— Source records —
•••••

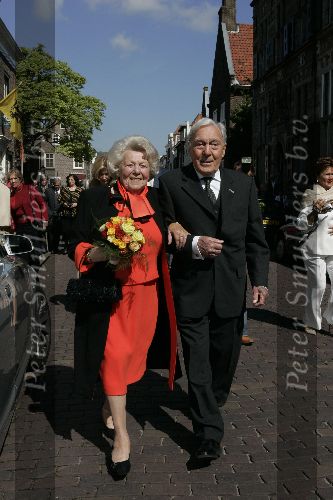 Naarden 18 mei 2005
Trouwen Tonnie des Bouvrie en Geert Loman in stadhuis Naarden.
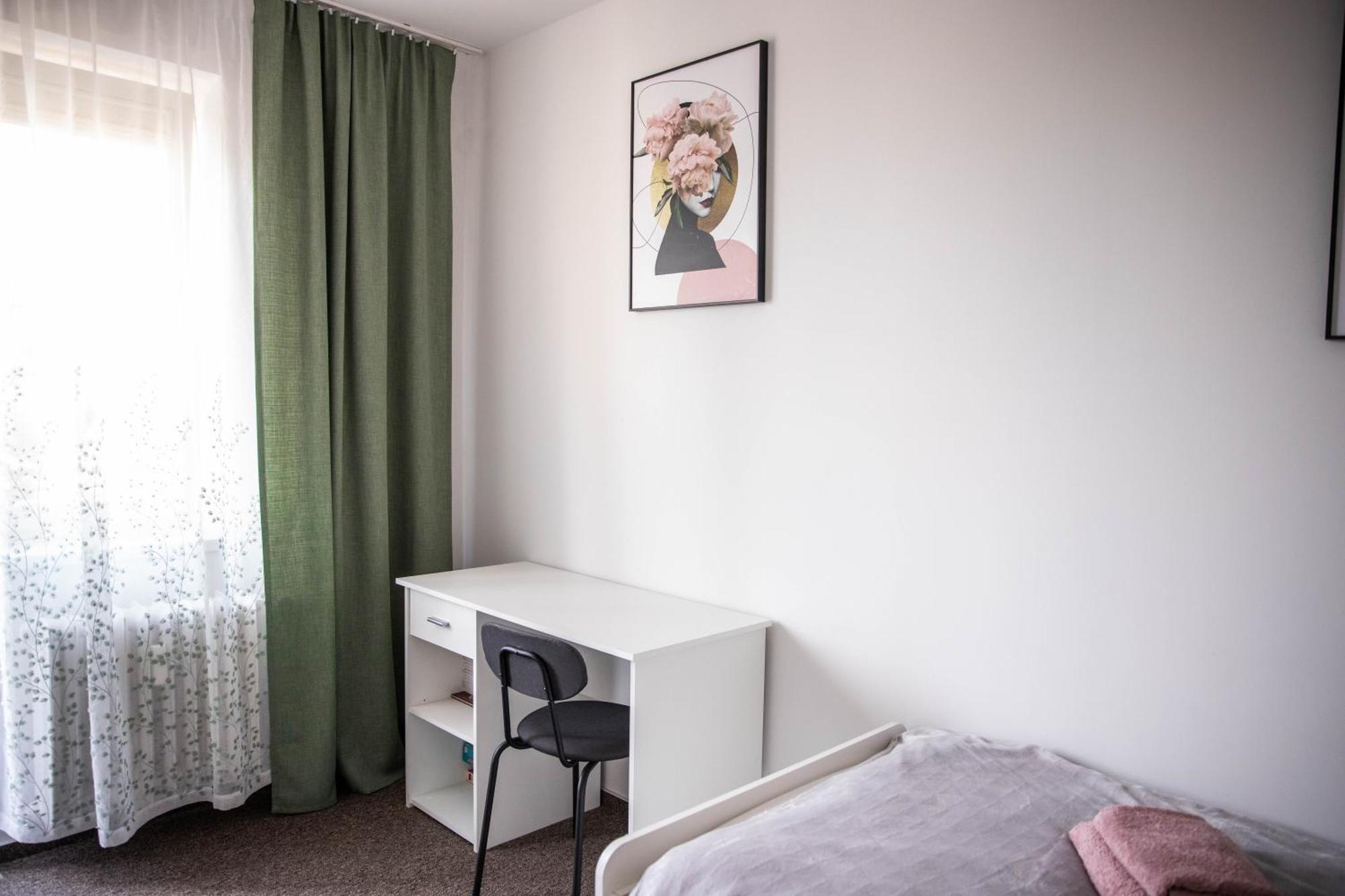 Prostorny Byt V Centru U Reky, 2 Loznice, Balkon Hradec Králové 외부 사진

•••••

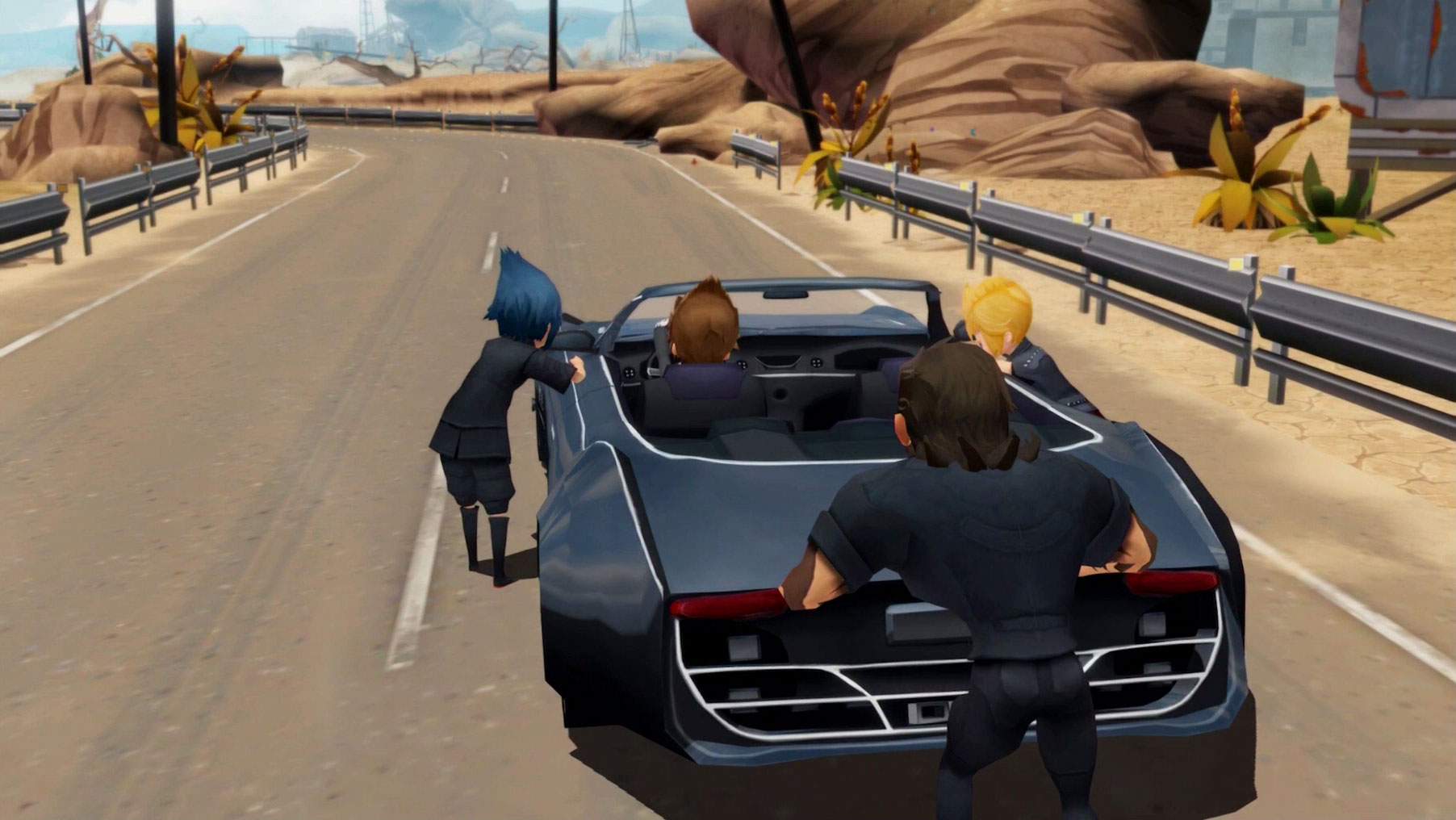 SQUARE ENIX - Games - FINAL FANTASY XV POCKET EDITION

•••••

— Problem —
Write out exactly the lines above between the one with "Naarden 18 mei 2005" and the one with "Prostorny Byt V", inclusive, with pictures left out.

— Solution —
 Naarden 18 mei 2005
Trouwen Tonnie des Bouvrie en Geert Loman in stadhuis Naarden.
 Prostorny Byt V Centru U Reky, 2 Loznice, Balkon Hradec Králové 외부 사진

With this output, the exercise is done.